If the sale price cannot be agreed between the freeholder and the leaseholder, an application can be made for the First-tier Tribunal (Property Chamber) to determine the price.
A lease extension under the Leasehold Reform Act can only be for 50 years with no subsequent extensions, so it will usually be in the leaseholder's best interests to buy the freehold. If the leaseholder wishes to sell the property, they can claim the right to enfranchise and then sell this right on with the property. This would avoid the need for the new leaseholder to wait until they have held the lease for long enough to enfranchise in their own right.
Leaseholders who have extended their lease under the Leasehold Reform Act 1967 have the right to buy the freehold after the end of the original lease.
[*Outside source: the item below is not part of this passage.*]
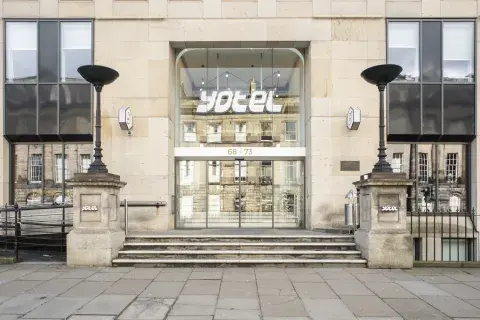 The glass front entrance to YOTEL Edinburgh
Qualifying conditions for long leaseholders of houses
To qualify for lease extension or enfranchisement under the Leasehold Reform Act 1967, there are certain conditions that must be met.
Lease has been held for two years
The leaseholder must have held their lease for the two years prior to the application. In a case where an application for enfranchisement was made in the name of the leaseholder by his trustee in bankruptcy, it was held that the ownership condition was not met as the lease had vested in the receiver.
Property must be a house
A house for this purpose is defined in the Act and includes any building designed or adapted for living in and 'reasonably so called' a house, 'notwithstanding that the building is not structurally detached, or was or is not solely designed or adapted for living in'.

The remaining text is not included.